14 March 2011

Movie Monday - Letters to Juliet


Set amidst the background of Tuscany, Sophie (Amanda Seyfried from Mama Mia!) and her fiancée take a pre-honeymoon trip to Verona, Italy because both will be too busy after the wedding to take time off. And it’s a good thing they do, because it broadcasts how each pursue their passions, indifferent to each other. Sophie, a writer, discovers the “Secretaries of Juliet”, a group of women who collect the letters written by women who visit the famed Juliet’s balcony and statue, asking for love advice. These women devote their lives to giving all types of love advice.

With her fiancé off finding new wines and foods for his up-coming restaurant, Sophie decides to help answer the letters, and finds a letter written in 1957 wedged behind a stone, left unanswered. The letter is from a girl named Claire Smith (the amazing Vanessa Redgrave) who had been too overwhelmed by her love for a boy named Lorenzo, and leaves him behind. Moved by the regret in the letter, Sophie answers it. Low and behold, her letter finds Claire.

And so the movie takes us on a charming adventure of two women at different points in their lives, rediscovering true love. Claire, as she searches through Tuscany, trying to find Lorenzo after fifty years, and Sophie as she falls for Claire’s ill-tempered straight-laced grandson, Charlie. Charlie doesn’t believe in his grandmother’s quest, doesn’t really believe in love, but over the course of their travels comes to discover the miracle of one’s soul mate.

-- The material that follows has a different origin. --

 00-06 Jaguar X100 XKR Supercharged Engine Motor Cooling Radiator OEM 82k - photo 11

The only problem to find is using the suspension of disbelief that a letter mailed to a “Claire Smith” fifty years later would find its way to the original owner, but that’s a very minor moot point.

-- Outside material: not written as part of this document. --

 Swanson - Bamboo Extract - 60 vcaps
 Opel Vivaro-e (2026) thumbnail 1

I have been fortunate enough to visit Verona and Juliet’s garden, and while as lovely and charming as depicted, there were little things off from how I remembered it. Not many people would realize that it is expected to cup Juliet’s right breast for a photo-op, ensuring good luck in love, so that may seem odd to some. And while I don’t know if there really is a “Secretaries of Juliet” society, it certainly is a beautiful concept.

All in all, this move was one of those romantic, feel good films that’s perfect to curl up with on either a hot day or cold night.